The company is one of the few major brands to remain in the hands of the founding family, which translates into freedom of movement, with a roadmap that does not have to satisfy markets and shareholders. The family character of the house is felt even during major events like that of Caserta, preceded the day before by a dinner in the port of Naples during which Gwyneth Paltrow and Alexa Chung ended up dancing tarantellas and waving napkins.

“The city inspires me because it is more Italian than any other city,” Griffiths noted, “just like you can buy 110% concentrated orange juice, Naples is 110% concentrated Italy. With all its eccentricity and madness, it is a beautiful city, a wonderful place.” Band scene like millionaire Naples (Eduardo De Filippo, 1950), The Orto of Naples (Vittorio De Sica, 1954) or yellow riso (Giuseppe De Santis, 1949) in which the brilliance of its protagonists is another character, a source of inspiration for Griffiths: “A cruise show is special because as a brand it allows us to better tell our story from a specific city. » In this case, it combines the Italian style and Neapolitan energy of the Palace of Caserta, whose construction was ordered in the 18th century by what would later become Charles III of Spain.

The alliance of two Italian sagas
Max Mara began traveling the world to present its cruise collections in 2018. Since then, the company has exhibited at its headquarters in Reggio Emilia, the Neues Museum in Berlin, Stockholm City Hall and the Doge’s Palace in Venice. For this season, the trip to the town of Partenope allowed them to explore a collaboration with the century-old house E. Marinella. “Fortunately, the label made in Italy “It continues to have great power,” explained Alessandro Marinella, the fourth generation of the brand, on the morning of the event. “It suggests the country’s unique history of craftsmanship, the skills that people have passed down from generation to generation. “It gives us a unique character.”

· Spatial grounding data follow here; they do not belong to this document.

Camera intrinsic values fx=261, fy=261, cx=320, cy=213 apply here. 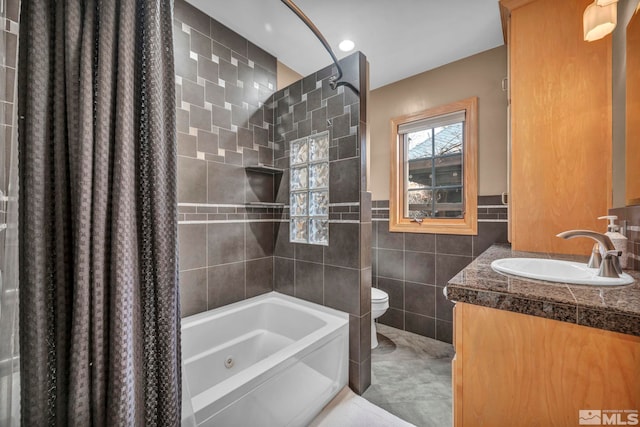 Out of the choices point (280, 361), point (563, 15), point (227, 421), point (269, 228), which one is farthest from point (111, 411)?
point (563, 15)

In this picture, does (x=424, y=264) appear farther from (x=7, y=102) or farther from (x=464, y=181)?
(x=7, y=102)

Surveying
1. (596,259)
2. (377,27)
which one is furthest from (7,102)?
(377,27)

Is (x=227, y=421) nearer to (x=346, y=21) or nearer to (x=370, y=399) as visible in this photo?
(x=370, y=399)

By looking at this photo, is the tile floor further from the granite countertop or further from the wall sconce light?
the wall sconce light

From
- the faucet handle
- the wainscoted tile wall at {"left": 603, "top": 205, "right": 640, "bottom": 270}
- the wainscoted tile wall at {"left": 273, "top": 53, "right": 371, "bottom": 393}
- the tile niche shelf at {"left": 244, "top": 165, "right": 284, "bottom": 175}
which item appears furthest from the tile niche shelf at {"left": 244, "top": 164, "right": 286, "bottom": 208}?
the wainscoted tile wall at {"left": 603, "top": 205, "right": 640, "bottom": 270}

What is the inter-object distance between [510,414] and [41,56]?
1.57m

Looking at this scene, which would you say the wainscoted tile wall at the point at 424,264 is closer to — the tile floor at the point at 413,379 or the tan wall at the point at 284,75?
the tile floor at the point at 413,379

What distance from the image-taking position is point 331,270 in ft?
6.20

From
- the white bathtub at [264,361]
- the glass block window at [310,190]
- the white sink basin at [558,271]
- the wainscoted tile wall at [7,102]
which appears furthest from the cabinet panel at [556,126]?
the wainscoted tile wall at [7,102]

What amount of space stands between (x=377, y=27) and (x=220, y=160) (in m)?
1.51

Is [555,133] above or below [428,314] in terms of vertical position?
above

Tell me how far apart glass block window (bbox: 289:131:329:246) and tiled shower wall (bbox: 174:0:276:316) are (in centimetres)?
25

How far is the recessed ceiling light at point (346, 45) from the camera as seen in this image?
81.2 inches

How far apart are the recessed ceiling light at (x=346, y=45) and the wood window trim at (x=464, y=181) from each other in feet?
2.64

In this case, Marinella opened its enormous archives in which the designs have been kept practically since the year of its foundation, in 1914. “At Max Mara they were interested in those from 1951, the year of its creation, and among them they chose four that were used as models for various prints that are part of the collection,” added Maurizio Marinella, father of Alessandro and third generation of the company. The challenge of running a family fashion business is immense, according to the youngest Marinella: “You have to constantly evolve while remaining consistent with your own story. » A riddle to which the two family sagas know the solution, as they confirmed during the evening in Caserta.